Sunday is always a short day for me at the Con, because we like to leave Indy around 2:00 in the afternoon. I took my leave of the booth around noon, to go say goodbye to everyone and then get my bags packed and loaded into the car. There was a little bit of scampering around, logistically speaking ((It involved the delivery of some catnip Cthulhus. Probably best if you don’t ask.)), but we made it onto the road in good time, and hardly even got lost leaving the city.
Normally, we stop for dinner at Bob Evans in Bloomington on the way home, but this year, we didn’t. We had a different goal.

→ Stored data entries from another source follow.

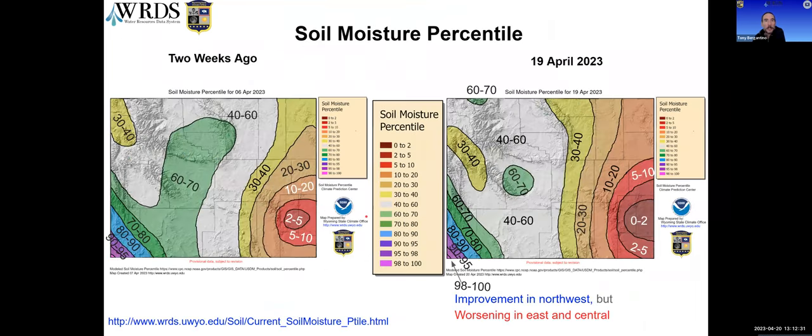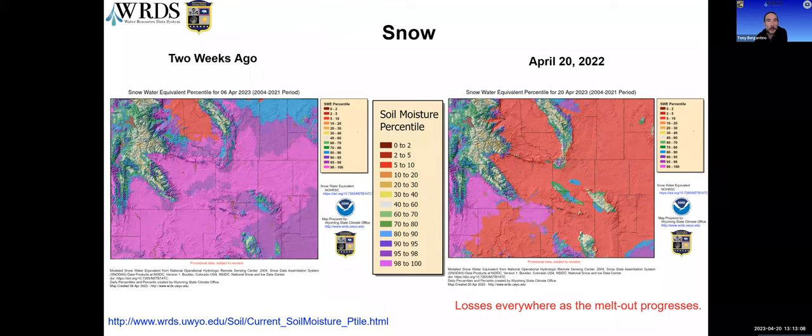Looking at soil moisture, there are some improvements in the far north and northwest, with a small area along the Montana border in the 60th to 70th percentile. However, the large area that was in the 60th to 70th percentile two weeks ago in the central part of the state is now just a little bit left, and there's expansion of very low percentiles in the eastern part of the state where conditions are continuing to deteriorate. Regarding snow, we're losing snow everywhere but that's not surprising since we're getting to the melt-out period in many areas.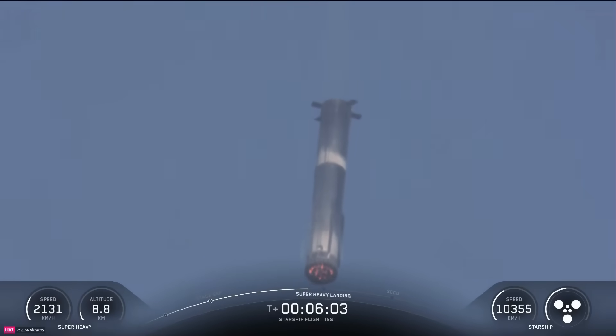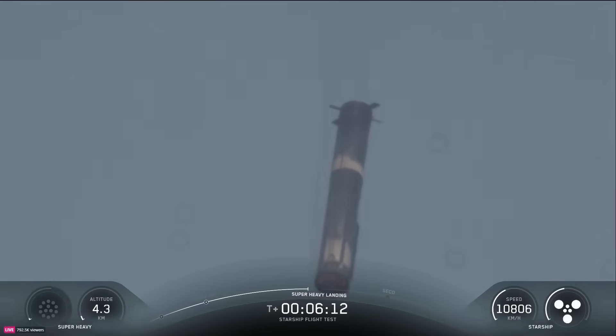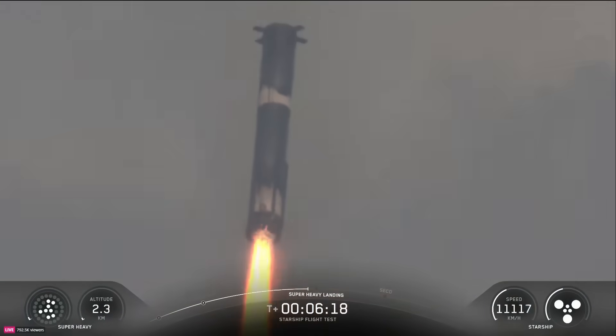We're just about 20 seconds away from landing burn start, where we'll first ignite the center 13 engines, then bring that down to five to slow down the booster for landing, and finally that will come down to three. We'll cut all of them off while we're still about 200 meters in the air.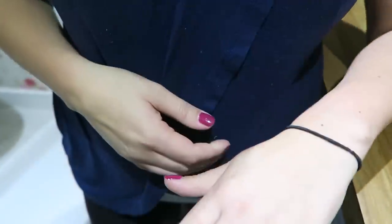One breastfeeding hack to remember which side you last fed on is to put a clip on your bra strap, or a bracelet which you swap from wrist to wrist, or even an elastic band. There are loads of fancy apps out there for breastfeeding, but I find these simple ways are the most effective.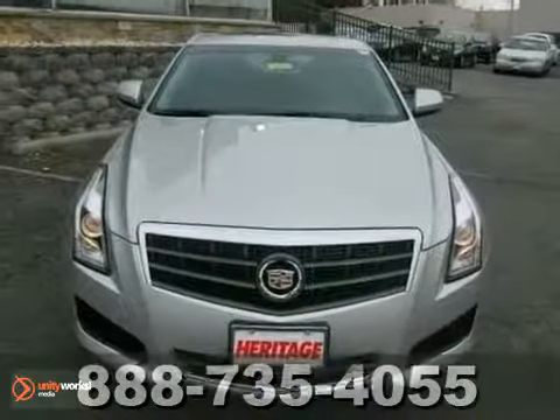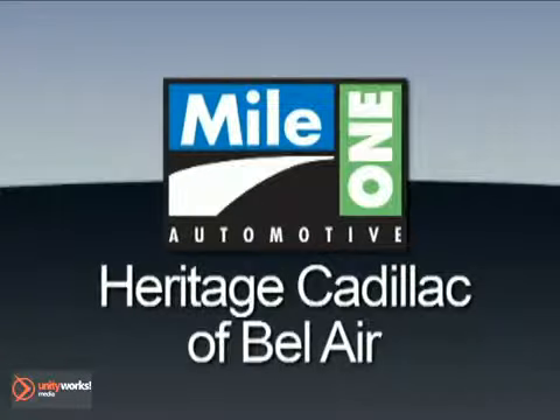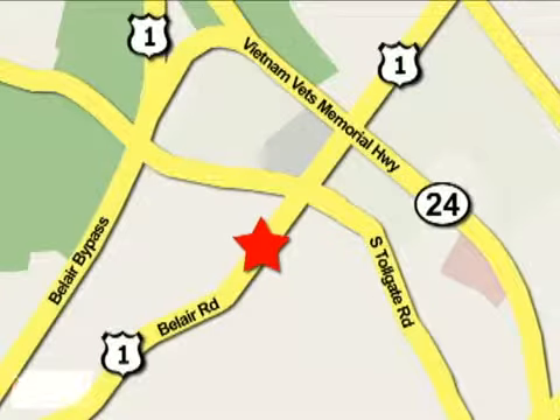Come on out and take this Cadillac for a test run. Mile One Heritage Cadillac of Bel Air is conveniently located at 716 Bel Air Road in Bel Air.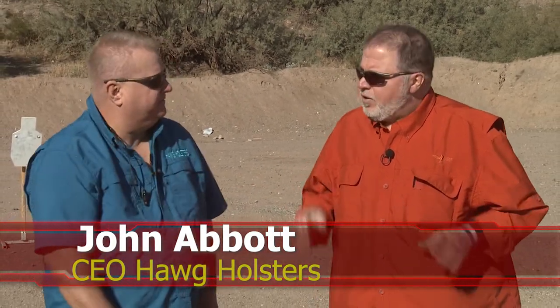I'm here at the Keltec USA range in Peoria, Arizona on a bright sunny day here in wintertime with my friend John Abbott, who happens to be the owner and proprietor of Hog Holsters. Today John, we're going to talk about concealment holsters.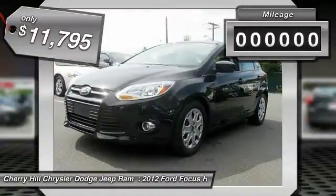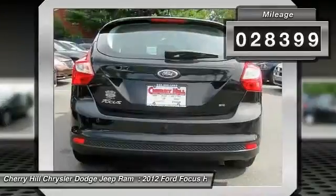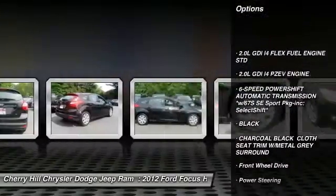This vehicle has less than 30,000 miles. Here are some of this vehicle's great options: stability control, traction control, steering wheel audio controls,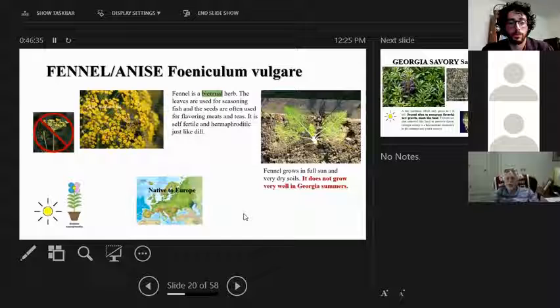Fennel is a biennial herb with a two-year life cycle. Its leaves are used for seasoning fish and its seeds for flavoring meats and teas. Like cilantro and dill, it has bisexual, self-fertile flowers. Importantly, fennel and dill can cross-pollinate and create a Frankenstein offspring that's unattractive and unproductive, so it's recommended to choose one or the other — don't plant both. It can be difficult to grow here due to summer heat, though it is seen at farmers markets. It's a native of Europe and a full-sun plant.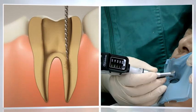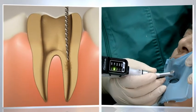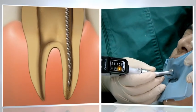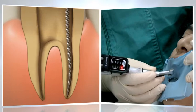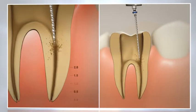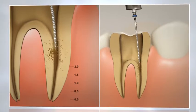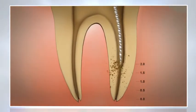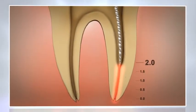Uniform preparation of the root canal to the apical constriction is critical for quality shaping, cleaning, and obturation of the canal. Dentists skilled in using handpieces are wary of preparing the apical portion of the canal while using a handpiece, out of concern for the possibility of over-preparing the apex or going long.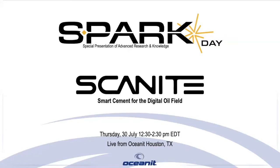Good morning, and thank you for joining us here today. I hope everything is going well despite the COVID situation. Originally, we were supposed to meet in person at the Houston facility to view the Scanite demonstration, but plans change. So let's welcome OceanIT's Spark Day on the subject of Scanite smart sensing cement.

See, some years ago, we found this amazing little restaurant with the best calzone we had ever eaten. Unfortunately, we have since forgotten where it is. Even which town it’s in. And what it’s called. But we have been hoping to find it again.
This year, when we checked in at Rochelle on the way down, we asked the woman working the hotel desk. She suggested Vince’s Pizza, which sounded right to me. Thus, we spent the time down in Indy dreaming of that perfect calzone. And so we skipped dinner at Bob Evans, to make sure we were good and hungry when we got to Vince’s Pizza.

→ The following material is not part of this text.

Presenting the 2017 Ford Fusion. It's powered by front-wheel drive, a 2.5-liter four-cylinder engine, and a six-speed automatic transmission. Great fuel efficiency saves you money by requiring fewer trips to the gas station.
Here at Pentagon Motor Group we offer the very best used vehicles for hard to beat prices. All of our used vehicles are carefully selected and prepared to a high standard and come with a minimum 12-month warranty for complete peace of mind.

We were good and hungry, partly because I, idiot that I am, left the flyer we had picked up on the way down to Indy, which featured the address, in my bag at the hotel, and I couldn’t remember precisely where the place was. We drove around a bit more than was really funny, and stopped at two gas stations to ask for directions, and finally found it.

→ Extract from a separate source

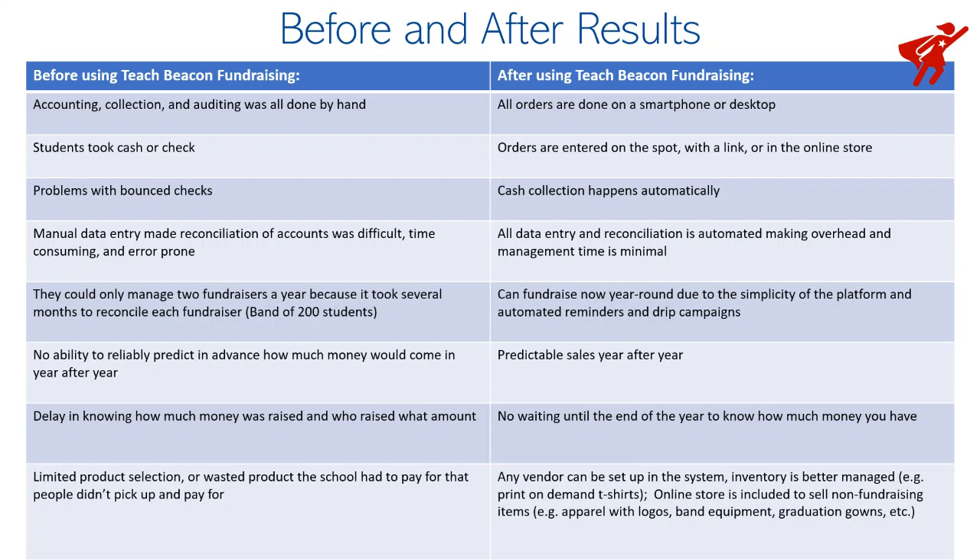They also had people that would buy products, but then after the school ordered those products, they wouldn't show up and wouldn't purchase them. The school was left with a lot of product on hand that they had to pay for out of pocket.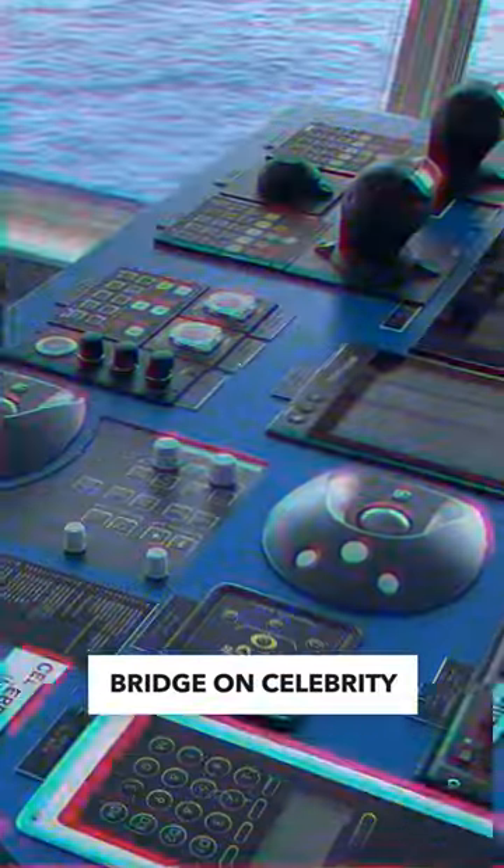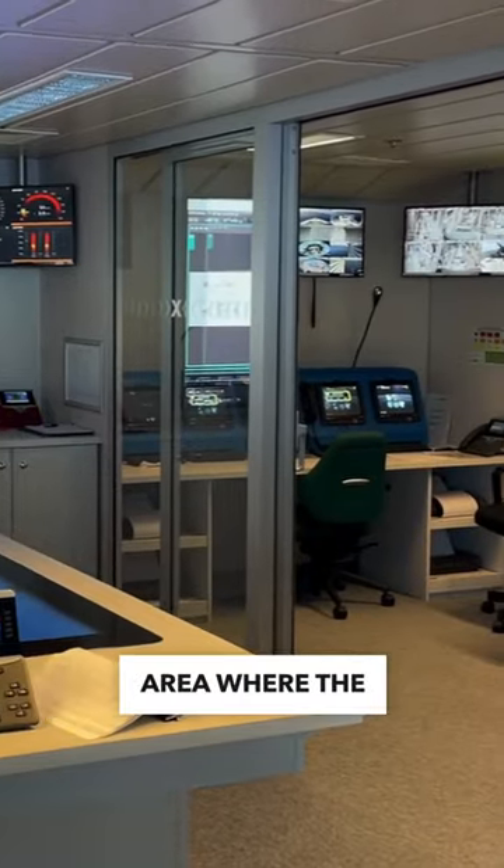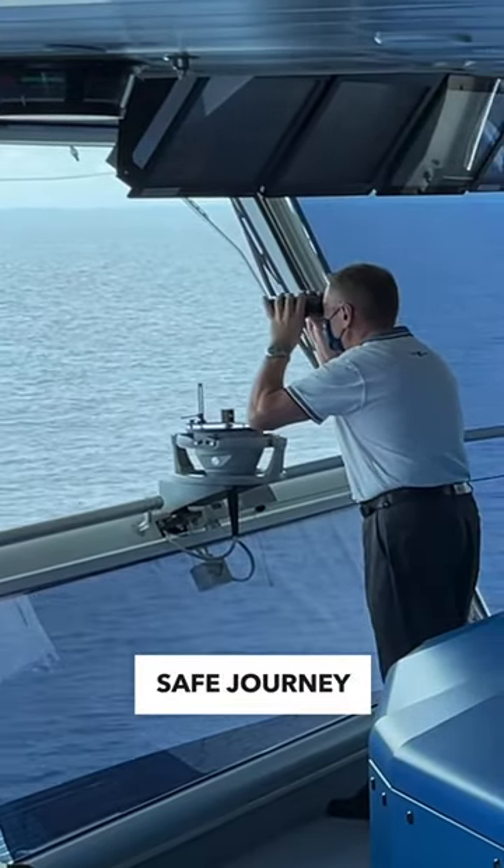Today we're taking a tour of the navigational bridge on Celebrity Edge, the heart of the ship's operations. This is a secure area where the captain and crew steer the ship, monitor weather conditions, and ensure a safe journey for all guests.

It was not the place of the legendary calzone. Instead of the low stucco, porticoed building we remembered, it was a little red-and-white wooden building with a tiny, tiny parking lot.
Still, we decided to go in and give it a try, because Pizza Hut, Little Caesar, and Burger King did not really appeal. Besides, the parking lot was full of people coming in to pick up pizzas, and rushing away. We figured it must be good.
Inside, it was the kind of simple, homey, family restaurant you often find in resort towns: nothing fancy, but clean and friendly. I ordered a calzone, being fixated on the idea of calzone, and Clint ordered the manicotti. We also ordered beer nuggets ((These, it turned out, were deep-fried pieces of pizza dough with marinara sauce for dipping.)), because we figured it would take some time before the calzone and manicotti were ready, and we were hungry.
So, there we sat, staring at this veritable mountain of beer nuggets, and Clint says, under his voice, slightly awed, “She should have warned us.” The pile of golden-fried little ((Note: they were not really that little. This is poetic license. Actually, it’s an outright lie. They were big.)) bits of dough would pretty much have filled a gallon bucket.
We had come nowhere near finishing them – and had started speculating on how good they would or would not be tomorrow – when our meals were brought out, and we realized we were doomed.
Clint has been saying he feels evangelical. The food was a life-changing experience. I no longer care about the half-remembered ((And possibly mythical.)) calzone of yesteryear. This is the one true calzone. I tried a little of the manicotti, and it was also amazing.
I don’t know how, but Clint finished his plate of manicotti. And the meatball. And half his garlic bread. I had no such luck with the calzone, and was able to eat maybe half of it. The other half sits in the fridge in our hotel room, singing softly to my soul ((The beer nuggets are singing backup harmonies.)) as it waits to fulfill its purpose tomorrow.
Vince’s Pizza has become our destination for dinner, both going down and coming back from GenCon. Clint and his family are heading down to Chicago in a few weeks, and he has decided to change their route so that they come through Rochelle for dinner at Vince’s.